Dopo la rottura con gli inquirenti egiziani e dopo aver chiuso le indagini sull’omicidio di Giulio Regeni, la procura di Roma tira dritto sul caso e ha chiesto il rinvio a giudizio per i quattro 007 egiziani accusati di aver torturato e ucciso il ricercatore italiano trovato morto in Egitto nel febbraio del 2016. Tariq Sabir, Athar Kamel Mohamed Ibrahim, Uhsam Helmi, Magdi Ibrahim Abdelal Sharif dovranno infatti rispondere alle accuse di sequestro di persona pluriaggravato, concorso in omicidio aggravato e concorso in lesioni personali aggravate e di omicidio. 


«Nella mattinata odierna – si legge nella nota della procura capitolina – nel procedimento per il sequestro la tortura e l’omicidio di Giulio Regeni, non essendo intervenuto alcun fatto nuovo dopo la notifica dell’avviso di conclusioni delle indagini, ha depositato la richiesta di rinvio a giudizio negli uffici del Giudice dell’udienza preliminare nei confronti dei quattro cittadini egiziani appartenenti agli apparati di sicurezza».


L’udienza preliminare dovrebbe avvenire entro la fine della primavera, tuttavia risulta ancora da sciogliere il nodo della cosiddetta assenza dell’elezione di domicilio per gli imputati. Difatti, secondo il sistema giudiziario italiano, non è possibile procedere in caso di mancata di avvenuta notifica agli imputati al Cairo. Tuttavia il gup potrebbe comunque decidere di procedere comunque al netto della rilevanza mediatica internazionale del caso.

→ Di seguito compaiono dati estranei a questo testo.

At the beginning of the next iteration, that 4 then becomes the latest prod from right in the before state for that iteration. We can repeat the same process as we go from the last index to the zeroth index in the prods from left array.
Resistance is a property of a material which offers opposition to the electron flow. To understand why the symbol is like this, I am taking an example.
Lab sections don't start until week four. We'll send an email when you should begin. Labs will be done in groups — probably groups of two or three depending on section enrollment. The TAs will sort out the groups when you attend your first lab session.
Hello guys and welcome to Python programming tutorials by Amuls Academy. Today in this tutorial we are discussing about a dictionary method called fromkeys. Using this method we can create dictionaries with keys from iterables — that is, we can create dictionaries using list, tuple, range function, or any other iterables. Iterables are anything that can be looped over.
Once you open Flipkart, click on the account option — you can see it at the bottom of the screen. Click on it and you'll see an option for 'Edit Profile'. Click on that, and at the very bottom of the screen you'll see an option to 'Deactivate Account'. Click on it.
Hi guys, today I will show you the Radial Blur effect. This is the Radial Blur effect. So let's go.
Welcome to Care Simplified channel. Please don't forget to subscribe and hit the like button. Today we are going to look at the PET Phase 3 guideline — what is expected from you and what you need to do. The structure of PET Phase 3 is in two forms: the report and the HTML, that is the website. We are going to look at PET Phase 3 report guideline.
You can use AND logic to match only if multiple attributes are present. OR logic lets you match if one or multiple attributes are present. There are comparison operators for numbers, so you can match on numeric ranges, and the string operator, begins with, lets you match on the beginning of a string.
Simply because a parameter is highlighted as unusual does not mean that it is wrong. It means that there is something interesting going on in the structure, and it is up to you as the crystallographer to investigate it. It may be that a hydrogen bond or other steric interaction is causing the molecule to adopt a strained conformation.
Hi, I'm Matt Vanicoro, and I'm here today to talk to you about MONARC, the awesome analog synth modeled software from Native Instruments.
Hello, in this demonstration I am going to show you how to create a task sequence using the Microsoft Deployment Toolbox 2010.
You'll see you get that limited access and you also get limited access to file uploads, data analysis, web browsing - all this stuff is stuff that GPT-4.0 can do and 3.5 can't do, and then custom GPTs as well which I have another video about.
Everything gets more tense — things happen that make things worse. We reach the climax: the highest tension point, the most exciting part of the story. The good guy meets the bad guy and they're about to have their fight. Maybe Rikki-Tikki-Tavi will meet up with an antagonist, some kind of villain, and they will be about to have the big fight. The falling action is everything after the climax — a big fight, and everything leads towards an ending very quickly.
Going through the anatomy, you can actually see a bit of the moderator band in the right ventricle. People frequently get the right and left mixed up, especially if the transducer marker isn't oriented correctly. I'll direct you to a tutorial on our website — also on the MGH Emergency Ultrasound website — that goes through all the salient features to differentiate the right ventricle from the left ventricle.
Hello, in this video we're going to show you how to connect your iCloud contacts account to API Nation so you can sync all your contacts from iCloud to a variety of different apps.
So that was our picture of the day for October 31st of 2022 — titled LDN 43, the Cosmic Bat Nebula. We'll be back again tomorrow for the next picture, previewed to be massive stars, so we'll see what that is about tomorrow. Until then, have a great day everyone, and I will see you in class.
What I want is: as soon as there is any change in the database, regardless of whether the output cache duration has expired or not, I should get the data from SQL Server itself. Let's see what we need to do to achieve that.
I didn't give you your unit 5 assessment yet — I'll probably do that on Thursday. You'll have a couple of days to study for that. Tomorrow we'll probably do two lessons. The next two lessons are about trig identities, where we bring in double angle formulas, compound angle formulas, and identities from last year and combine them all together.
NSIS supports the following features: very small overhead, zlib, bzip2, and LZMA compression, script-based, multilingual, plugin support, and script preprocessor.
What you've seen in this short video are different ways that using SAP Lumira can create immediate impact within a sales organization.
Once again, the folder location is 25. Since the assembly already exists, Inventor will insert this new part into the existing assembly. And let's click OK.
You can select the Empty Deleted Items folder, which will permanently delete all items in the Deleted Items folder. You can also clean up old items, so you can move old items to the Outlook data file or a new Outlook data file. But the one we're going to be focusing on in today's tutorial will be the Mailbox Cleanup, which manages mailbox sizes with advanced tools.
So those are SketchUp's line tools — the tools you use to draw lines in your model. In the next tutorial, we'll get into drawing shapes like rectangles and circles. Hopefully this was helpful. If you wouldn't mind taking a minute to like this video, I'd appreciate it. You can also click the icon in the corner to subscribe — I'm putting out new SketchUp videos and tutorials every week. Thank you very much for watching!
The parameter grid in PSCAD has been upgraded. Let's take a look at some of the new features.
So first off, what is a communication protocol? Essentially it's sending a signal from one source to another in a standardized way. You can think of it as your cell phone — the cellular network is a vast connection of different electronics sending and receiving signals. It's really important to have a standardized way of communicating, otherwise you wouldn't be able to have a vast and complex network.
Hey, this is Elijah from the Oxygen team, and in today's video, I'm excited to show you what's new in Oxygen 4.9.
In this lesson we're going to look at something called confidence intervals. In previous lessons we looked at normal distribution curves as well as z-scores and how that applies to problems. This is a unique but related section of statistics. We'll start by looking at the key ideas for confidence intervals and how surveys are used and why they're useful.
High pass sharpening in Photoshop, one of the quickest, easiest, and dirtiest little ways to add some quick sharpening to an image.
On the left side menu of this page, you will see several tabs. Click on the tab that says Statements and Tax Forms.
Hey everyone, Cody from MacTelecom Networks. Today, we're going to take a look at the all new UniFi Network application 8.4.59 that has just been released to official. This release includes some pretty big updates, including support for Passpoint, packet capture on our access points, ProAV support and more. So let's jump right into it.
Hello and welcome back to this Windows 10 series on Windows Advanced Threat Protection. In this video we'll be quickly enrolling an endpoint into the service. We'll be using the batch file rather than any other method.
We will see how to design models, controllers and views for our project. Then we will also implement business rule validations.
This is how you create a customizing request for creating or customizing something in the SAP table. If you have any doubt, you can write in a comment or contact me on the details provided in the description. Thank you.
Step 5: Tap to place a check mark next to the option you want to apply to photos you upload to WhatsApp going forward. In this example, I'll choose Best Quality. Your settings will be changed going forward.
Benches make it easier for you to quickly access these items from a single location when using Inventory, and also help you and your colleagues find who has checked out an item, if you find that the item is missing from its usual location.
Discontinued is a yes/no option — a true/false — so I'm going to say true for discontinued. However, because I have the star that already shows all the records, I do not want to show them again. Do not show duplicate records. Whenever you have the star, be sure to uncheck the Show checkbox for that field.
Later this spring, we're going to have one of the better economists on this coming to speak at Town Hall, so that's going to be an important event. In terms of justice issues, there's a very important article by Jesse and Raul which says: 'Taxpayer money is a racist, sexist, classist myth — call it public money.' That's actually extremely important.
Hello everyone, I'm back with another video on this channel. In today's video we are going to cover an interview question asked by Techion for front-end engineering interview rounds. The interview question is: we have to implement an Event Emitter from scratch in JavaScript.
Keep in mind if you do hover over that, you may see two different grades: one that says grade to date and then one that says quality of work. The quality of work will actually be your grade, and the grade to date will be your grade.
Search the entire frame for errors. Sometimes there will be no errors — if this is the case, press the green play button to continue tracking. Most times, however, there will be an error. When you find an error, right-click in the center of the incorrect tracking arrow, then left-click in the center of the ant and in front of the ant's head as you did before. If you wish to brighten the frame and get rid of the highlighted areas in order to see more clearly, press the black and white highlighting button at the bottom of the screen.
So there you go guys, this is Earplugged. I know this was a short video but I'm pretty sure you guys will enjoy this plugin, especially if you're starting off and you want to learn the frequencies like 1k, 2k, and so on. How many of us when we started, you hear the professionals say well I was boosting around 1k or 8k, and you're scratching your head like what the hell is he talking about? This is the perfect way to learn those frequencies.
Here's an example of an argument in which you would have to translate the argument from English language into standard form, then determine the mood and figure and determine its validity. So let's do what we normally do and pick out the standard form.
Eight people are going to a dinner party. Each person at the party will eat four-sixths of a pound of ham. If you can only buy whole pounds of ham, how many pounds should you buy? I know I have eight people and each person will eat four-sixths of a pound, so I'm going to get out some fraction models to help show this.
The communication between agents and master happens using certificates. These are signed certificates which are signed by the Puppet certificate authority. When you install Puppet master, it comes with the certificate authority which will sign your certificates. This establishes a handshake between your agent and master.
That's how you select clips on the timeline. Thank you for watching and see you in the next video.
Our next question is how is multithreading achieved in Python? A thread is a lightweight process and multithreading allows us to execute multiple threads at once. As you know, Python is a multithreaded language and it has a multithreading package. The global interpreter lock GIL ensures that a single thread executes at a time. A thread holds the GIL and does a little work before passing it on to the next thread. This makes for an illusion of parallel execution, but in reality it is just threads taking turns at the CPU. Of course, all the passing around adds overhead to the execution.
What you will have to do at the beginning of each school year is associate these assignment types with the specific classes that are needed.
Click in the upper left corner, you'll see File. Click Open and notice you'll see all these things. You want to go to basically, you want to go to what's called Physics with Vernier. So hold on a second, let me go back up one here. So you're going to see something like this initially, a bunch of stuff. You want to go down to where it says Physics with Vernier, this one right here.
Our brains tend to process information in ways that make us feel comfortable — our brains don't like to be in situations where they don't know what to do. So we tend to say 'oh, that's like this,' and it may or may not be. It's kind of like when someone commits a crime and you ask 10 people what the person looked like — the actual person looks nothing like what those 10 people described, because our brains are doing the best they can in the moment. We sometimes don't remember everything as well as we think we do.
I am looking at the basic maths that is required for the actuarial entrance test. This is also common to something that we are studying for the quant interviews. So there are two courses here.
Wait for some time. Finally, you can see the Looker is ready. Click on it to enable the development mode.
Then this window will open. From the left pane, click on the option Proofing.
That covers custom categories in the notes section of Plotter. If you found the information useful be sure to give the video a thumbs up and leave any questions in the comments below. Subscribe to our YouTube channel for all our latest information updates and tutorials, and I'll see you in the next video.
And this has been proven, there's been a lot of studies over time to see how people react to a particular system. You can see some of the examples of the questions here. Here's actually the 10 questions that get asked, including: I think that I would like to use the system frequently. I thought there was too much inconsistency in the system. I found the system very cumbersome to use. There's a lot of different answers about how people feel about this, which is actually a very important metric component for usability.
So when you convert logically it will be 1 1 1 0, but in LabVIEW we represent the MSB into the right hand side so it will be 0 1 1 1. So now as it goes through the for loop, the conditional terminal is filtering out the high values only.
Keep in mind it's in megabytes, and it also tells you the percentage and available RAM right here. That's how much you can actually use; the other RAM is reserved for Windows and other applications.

Le indagini della procura di Roma

Le indagini, guidate dal procuratore Michele Prestipino e del sostituto Sergio Colaiocco, si erano concluse lo scorso dicembre. Secondo le ricostruzioni Giulio Regeni «venne condotto contro la sua volontà e al di fuori di ogni attività istituzionale, prima presso il commissariato di Dokki e successivamente presso un edificio a Lazougly dove venne privato della libertà personale per nove giorni». Da quel momento in poi il ricercatore sarebbe stato vittima di efferate sevizie per giorni.

Dei quattro 007 indagati, secondo le indagini, sarebbe stato il maggiore Magdi Ibrahim Abdelal Sharif a uccidere Giulio Regeni, «abusando dei suoi poteri di pubblico ufficiale egiziano». «Sharif – così come emerge dalle testimonianze raccolte – con sevizie e crudeltà, mediante una violenta azione contusiva esercitata sui vari distretti corporei cranico-cervico-dorsali, cagionava imponenti lesioni di natura traumatica a Regeni, da cui è conseguita un’insufficienza respiratoria acuta di tipo centrale che lo ha portato al decesso».